Assemblywoman Catherine Nolan provided commentary about the importance of community involvement and the need for intense scrutiny in the debate over congestion pricing at a recent Department of Transportation workshop on neighborhood parking, held on Vernon Boulevard in Long Island City.

“I would like to note that the subject of a parking plan for Long Island City is too important to deserve such little advance notice. It should not be held on the same day at the same time as the Hunter’s Point South Advisory Committee Meeting, and the Community Board 1 Zoning and Variance Committee Meeting, and the 114th Precinct Awards Night. And it should not be held in a site so inaccessible by public transportation. How ironic that a meeting centered on a discussion of public transit should depend on shuttle buses from the nearest subway stations, both of which are currently non ADA compliant – and any transportation plan for our area should address that inequity,” said Assemblywoman Nolan.

Nolan said that while PlanNYC is an ambitious plan to transform the city there is a long way to go to reach a consensus that is safe and effective for all those involved.

At the top of Nolan’s list of concerns is the need for the community to be involved in the process from beginning to end. “I would urge the New York City Department of Transportation to listen more closely and work more closely with the local Community Boards. The Community Board should lead this process since they understand the needs of the neighborhoods most intimately. It diminishes the plan to have it imposed on our community rather than thoughtfully discussed,” Assemblywoman Nolan said.

Assemblywoman Nolan is not in favor of a residential parking permit system. “It is not good for our Queens neighborhoods, an area with inadequate bus service, but one that still thrives on the free flow of neighbors between the communities”.

Nolan has requested that any discussion focus on how such as system would affect residential parking, parking for merchant areas, traffic flow and pedestrian safety. “Our location here in Long Island City means that many commuters seeking to avoid the fee will park here. The likely scenario would be that early drivers would get the spots, later arrivals would cruise the streets looking for spots, and local congestion would increase,” said Assemblywoman Nolan.

Assemblywoman Nolan rejected proposals which would have the most negative impact on Queens.

“It is clear that any measure to divert people from the Long Island Expressway to the Queensboro and to parking in Long Island City and Woodside should be abandoned. Also, the plan to create LIC as a ferry hub other than for local service or as a vehicle destination point should not be approved. I submit that the Shea/Flushing Marina and other points east, including some on Long Island should be considered,” said Assemblywoman Nolan.

“We need to encourage the creation of parking further west and closer to highways as opposed to boulevards. Parking in Shea/Willets Point should be key with the planned redevelopment of the large municipal lot in downtown Flushing,” said Nolan.

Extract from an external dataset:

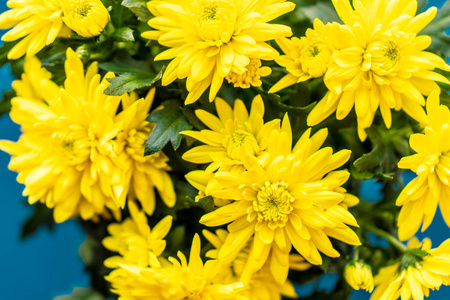 一束黄色的菊花在经典的蓝色背景上。经典蓝色上的黄色花朵。一盆黄色的菊花，背景是经典的蓝色。三月八日和三月八日的菊花束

Nolan and her colleagues in the New York State Assembly voted to create a legislative commission to examine the issue of congestion pricing and parking/traffic mitigation during a special session in July. Nolan said that those findings as well as full environmental impact studies of proposals, such as one that would divert cars and traffic to Woodside and LIC, should be part of the local and statewide discussion.

“All those involved, including New York City, New York State, The Metropolitan Transportation Authority and PANNYNJ, must endeavor to encourage projects that motivate drivers to leave their cars at home by initiating mass transit trips that reasonably compare to a trip by car,” said Assemblywoman Nolan.

“I look forward to further discussion and a possible January series of meetings on how we as a community can work together to improve our mass transit system and in doing so, improve the quality of our daily lives,” said Nolan.